Türkiye’deki kasetli siyaset üzerine ara ara tartışsak da dünya siyasetinin kasetli, tarikatlı gerçeği üzerine pek tartışmıyoruz ne yazık ki… İslamcı tarikatlar, Hristiyan tarikatlar, Yahudi tarikatlar yahut zenginlerin, ünlülerin içinde yer aldığı, dinli ve dinsiz tarikatlar… Bu tarikatlar, ekonomik gücü çerçevesinde, irili ufaklı sermaye grupları olarak siyasete yön veriyor. Siyasete yön vermek için ise en bilindik yöntem, cinsellik kullanılıyor. Hatırlarsınız, geçtiğimiz yıllarda, Türkiye siyasetinde Ankara’nın pezevenkleri gündem olmuştu. Ünlü siyasetçilerin ve hatırı sayılır birçok bürokratın, onlara kadın pazarlayan pezevenkleri… Ve küresel dünyamızda, Washington’dan Londra’ya ve tüm dünya siyasetine uzanan küresel dünyanın küresel pezevenkleri gerçeği… “Başka bir dünya mümkün mü” söyleminin yolu aynı zamanda pezevenksiz bir siyasetten geçiyor. “Pezevenksiz bir siyaset mümkün mü?” sorusu en başat soru oluyor bu denklemde. Çünkü şantajsız ve kasetsiz bir siyaset için, siyasetin pezevenklerden arındırılması gerekiyor.

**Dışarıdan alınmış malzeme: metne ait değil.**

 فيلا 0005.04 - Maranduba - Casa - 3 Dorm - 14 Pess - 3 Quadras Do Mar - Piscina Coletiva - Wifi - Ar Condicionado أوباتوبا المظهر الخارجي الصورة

Tabi, siyasetin bu döngüsünde, birçok tarikat ve cemaatin izlerini sürdüğünüzde karşınıza istihbarat servisleri çıkar. Siyasetçiler teslim alınır, siyaset teslim alınır ve hatta devletler, örgütler teslim alınır. Yahut, devlet yöneticilerinin alacağı kararlarda bu şantaj kasetleri, “Demokles’in kılıcı” gibi başlarında sallanır. Böylece birçok siyasetçi ülkesinin çıkarlarının tersine kararlar almak durumunda kalır. Elbette, bunlar bilinmedik şeyler değil. Siyasetle ilgilenen, siyaseti takip eden herkes bu gerçekleri az ya da çok bilir. Bu gerçekler herkesin bidiği bir sır gibi kulaktan kulağa dolaşır ama döngü devam eder. Siyasetin bu kısır döngüsünden nasıl kurtulabilir insanlık? Asıl meseleye bu sorunun sorulmasıyla birlikte yol alınabilir. Epstein olayına dair yazacağım bir başka yazıda bu soruyu ve bunun ardındaki döngüyü ve de başka bir siyasetin şekillendirilmesi gerekliliğini ele alacağım.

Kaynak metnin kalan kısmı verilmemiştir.